Une journaliste du Jerusalem Post venu couvrir la manifestation a décrit l’événement, avec une certaine ironie : "À une époque où le terme ‘gauchiste’ est devenu une insulte, les participants ont eu l'impression de gagner en force rien qu'en étant ensemble. J'ai demandé à un ami présent, Jared Goldfarb, enseignant et militant, s'il pensait qu'il existait encore une gauche en Israël. ‘Bien sûr’, m'a-t-il répondu ‘elle est réunie dans cette salle’ " !

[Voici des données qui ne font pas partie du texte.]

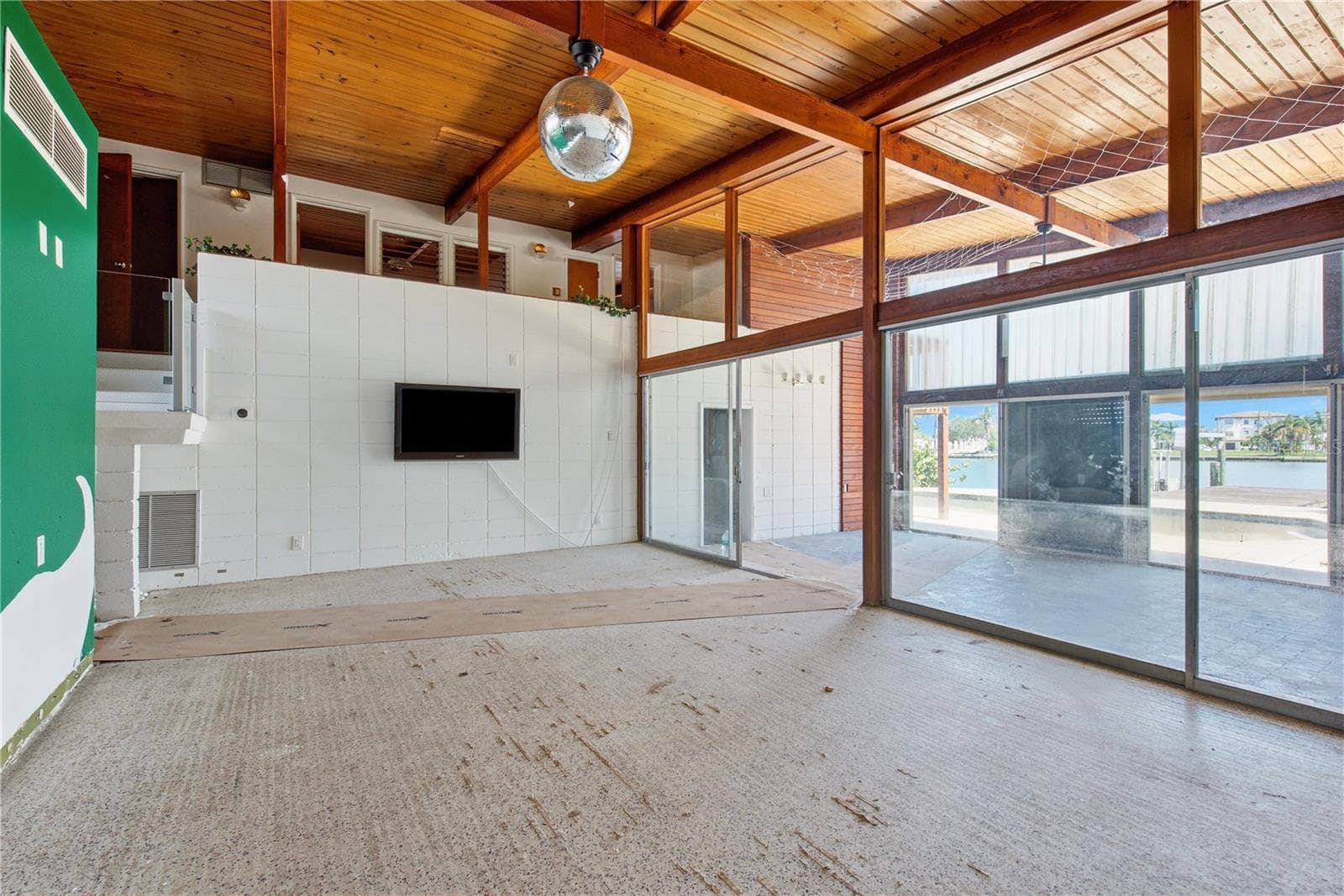 Single Family Residence at 31 DOLPHIN DR, TREASURE ISLAND, photo 8 of 39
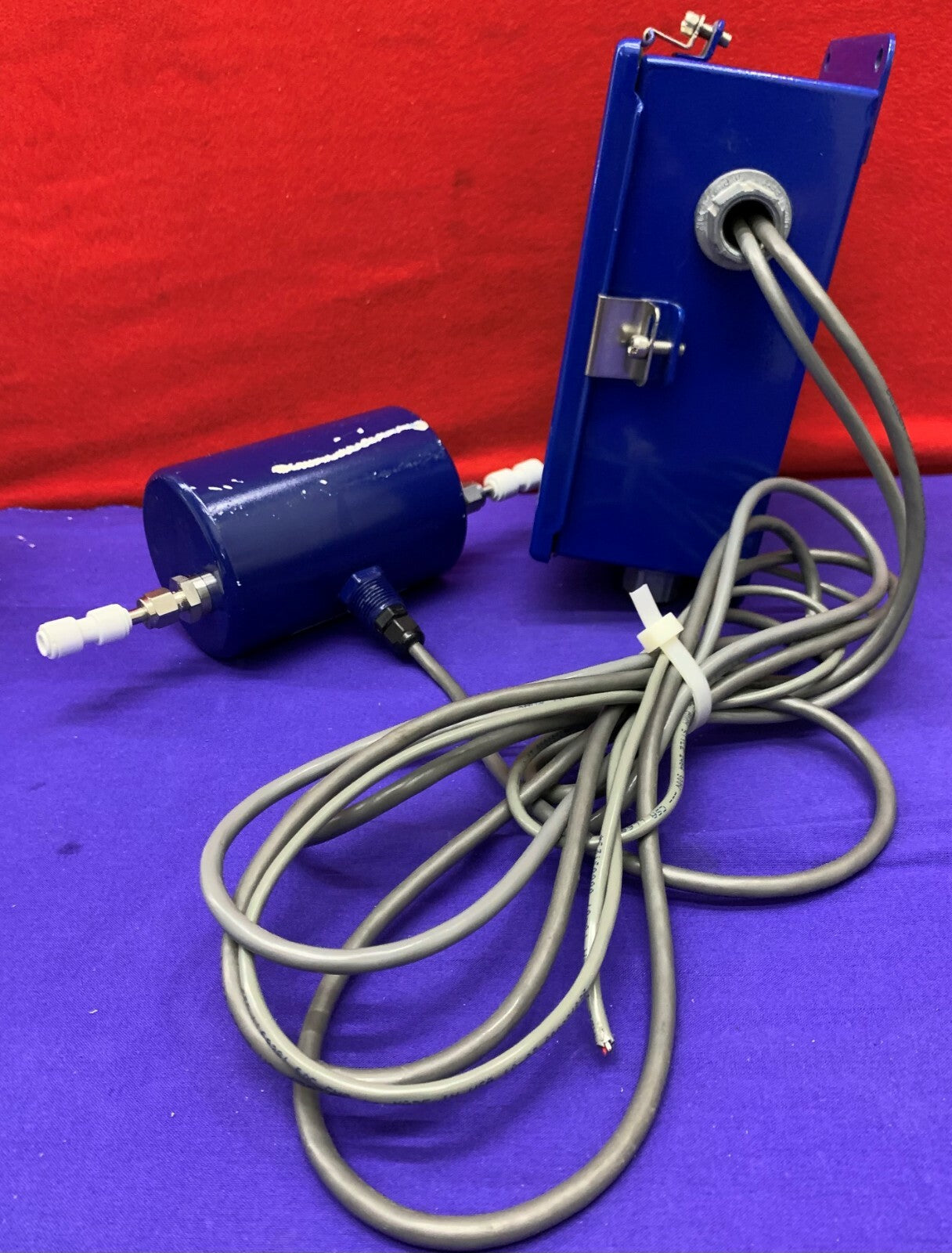 Intek Rheotherm 210R-T-UL1/16(1/4E)-0/10-24V & TUL1/16(1/4E) Flow Meter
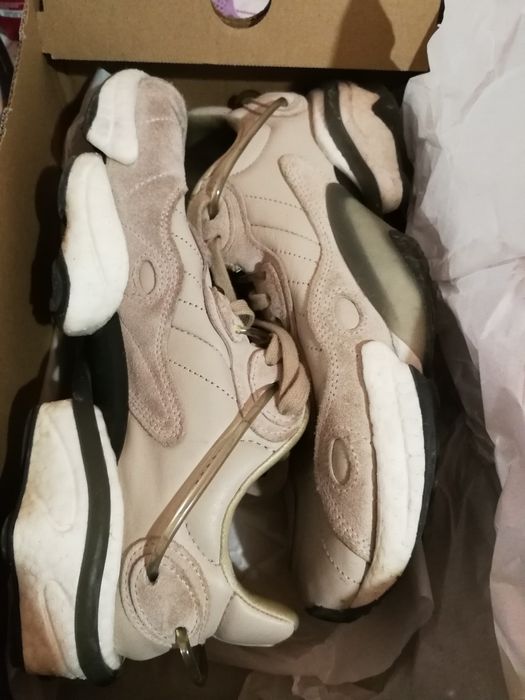 Маратонките са обувани само единпът за проба но се оказаха малки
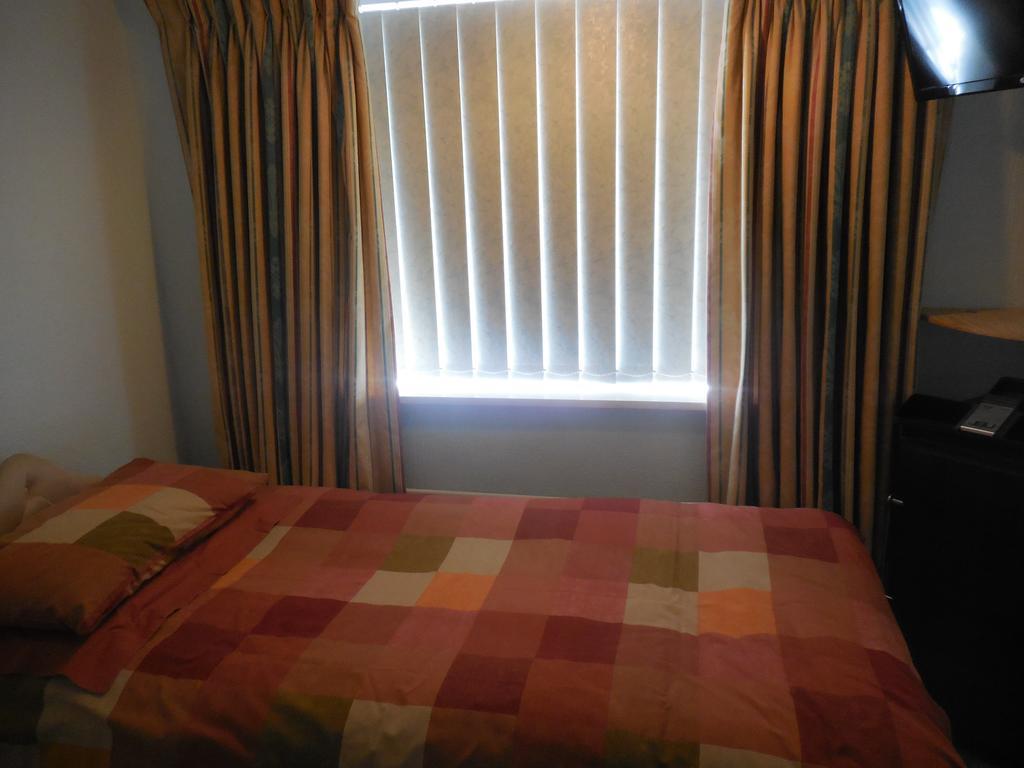 The Tulip Tree Hotel Wilmslow Habitación foto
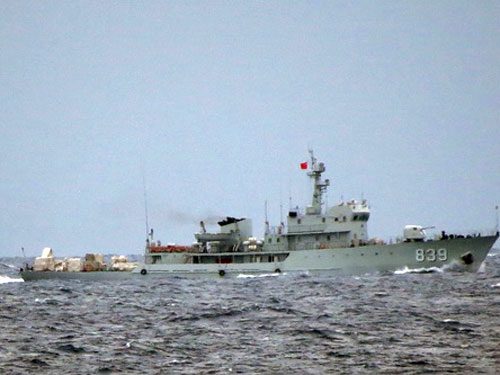 Tàu quân sự Trung Quốc giương súng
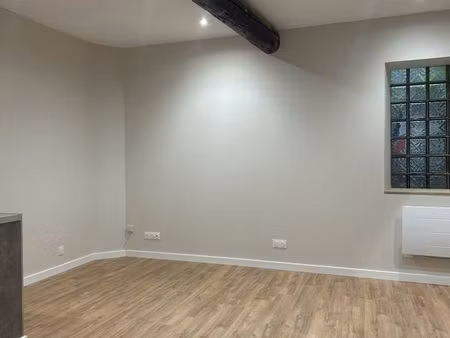 location maison de village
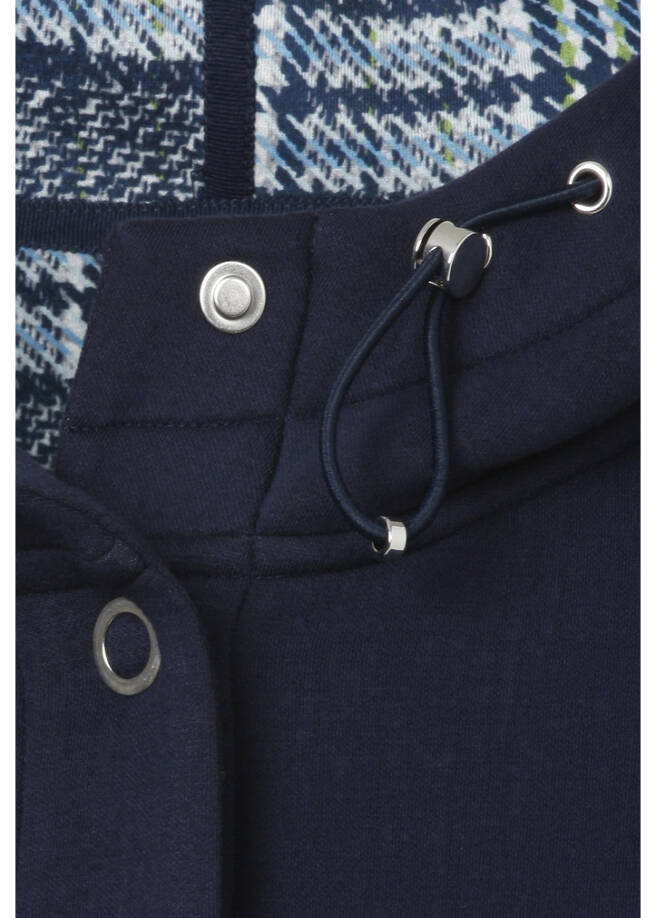 Übergangsjacke / Longjacke mit Kapuze /
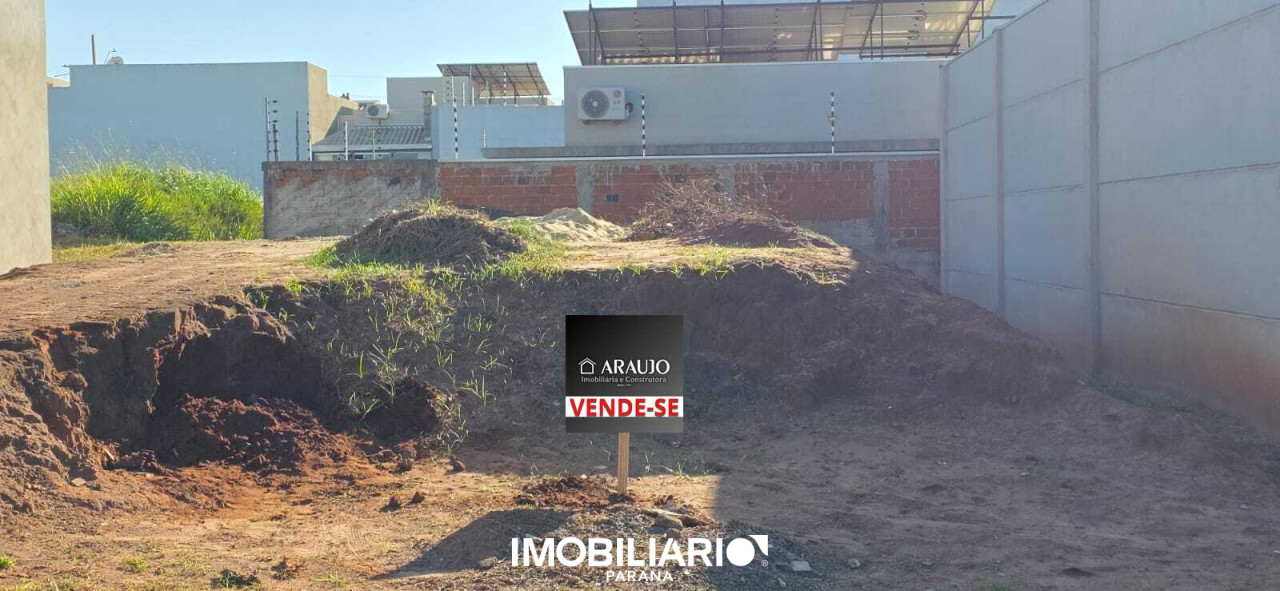 Salão Comercial para  Venda em Umuarama pela Araujo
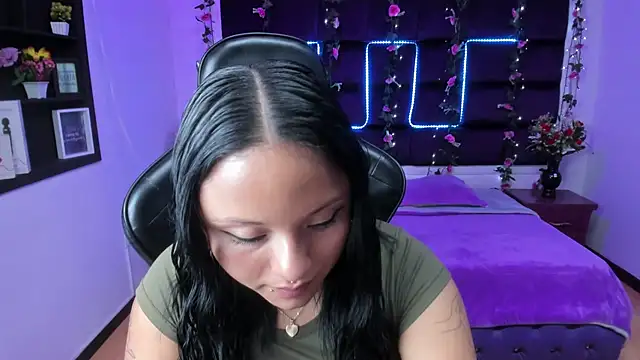 Snapshot of sweelanna__ chatting on February 26, 4:58 am sweelanna online show from February 26, 4:58 am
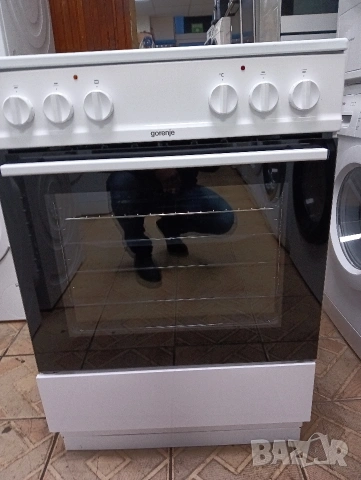 Като нова свободно стояща печка с керамичен плот Gorenje с 2 години Гаранция!, снимка 5 - Печки, фурни - 53895228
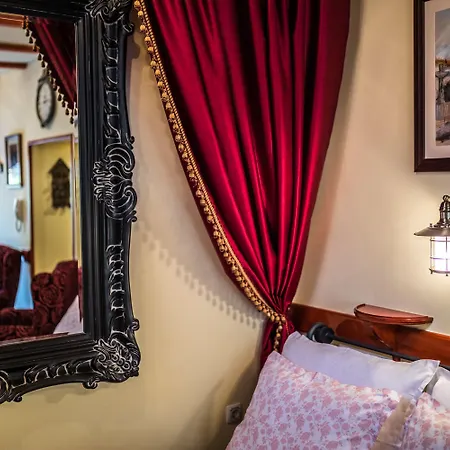 شقة Emperor's سبليت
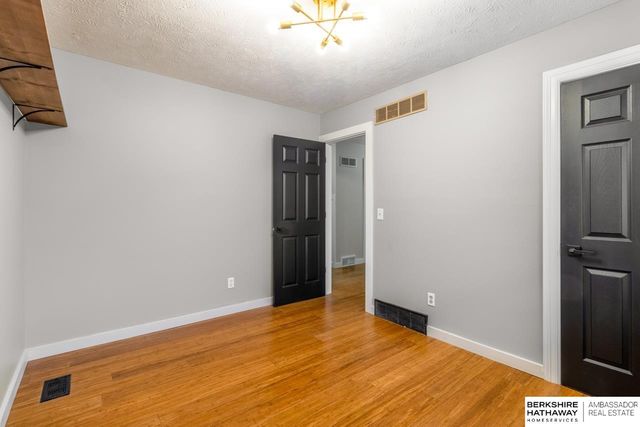 1230 S 164 Avenue, Omaha, NE 68130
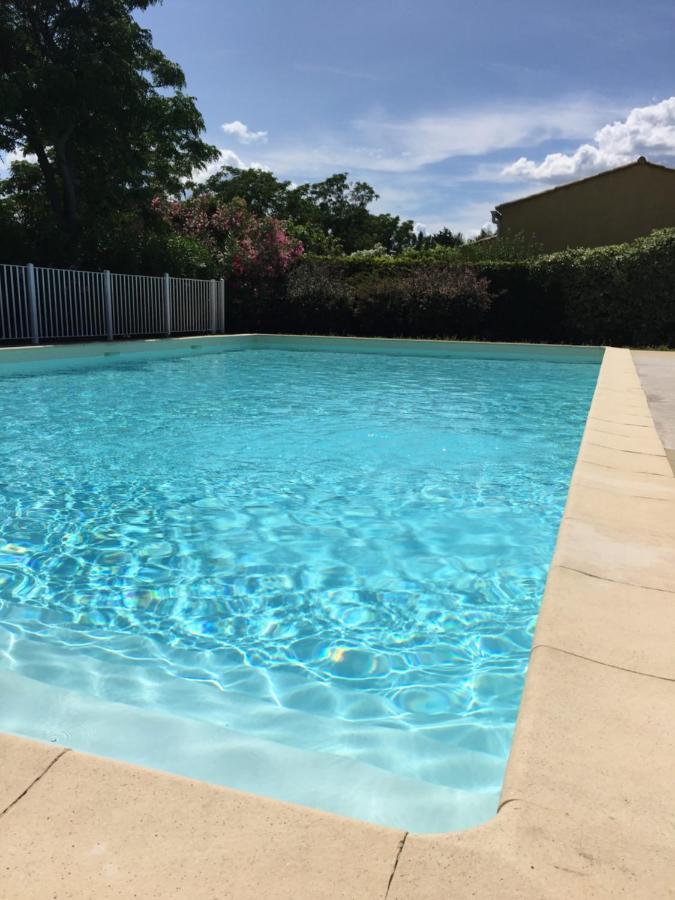 Appartement Residence Prive Avec Parking Wifi Clim Piscine アヴィニョン エクステリア 写真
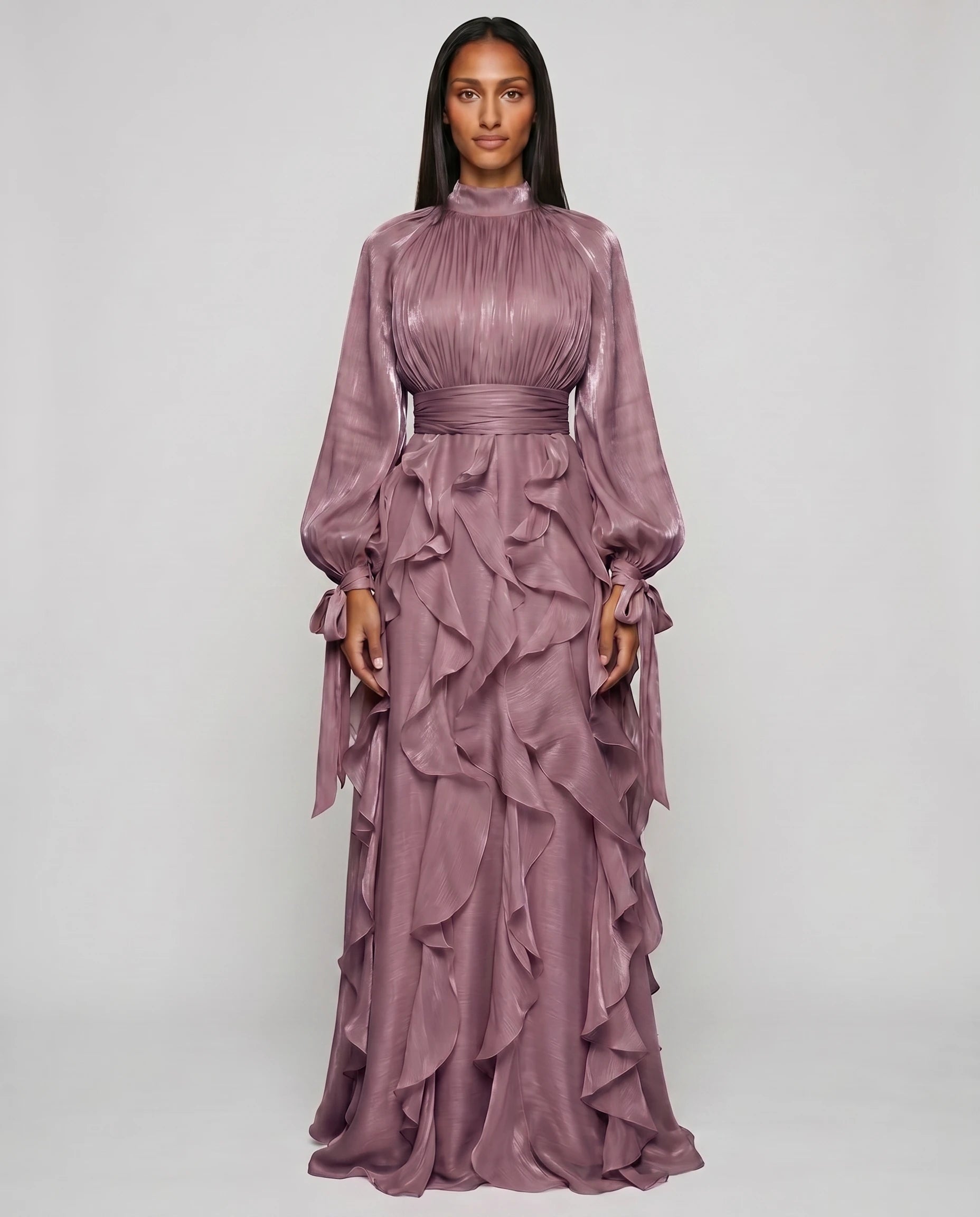 Robe de soiree longue a volants violet studio face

Aussi faible soit-elle, la gauche israélienne attend sans doute des jours meilleurs pour redevenir une alternative politique crédible. L’extrémisme de Benjamin Netanyahu dans la conduite de la guerre, ses multiples attaques contre le système démocratique tout comme les soupçons de corruption qui pèsent sur lui pourraient ouvrir un chemin électoral à la gauche alliée aux partis du centre de Yaïr Lapid ou Benny Gantz.

Optimiste, Frédéric Encel, qui vient de signer un ouvrage intitulé "La guerre mondiale n'aura pas lieu, les raisons géopolitiques d'espérer", estime qu’ "il y aura des élections dans un an et demi au plus tard et je pense que Yaïr Golan peut obtenir jusqu'à 15 ou 20 députés, ce qui en Israël est absolument considérable. Moi je crois beaucoup, dans un an et demi au plus tard, à une coalition de grand centre, peut être avec Golan".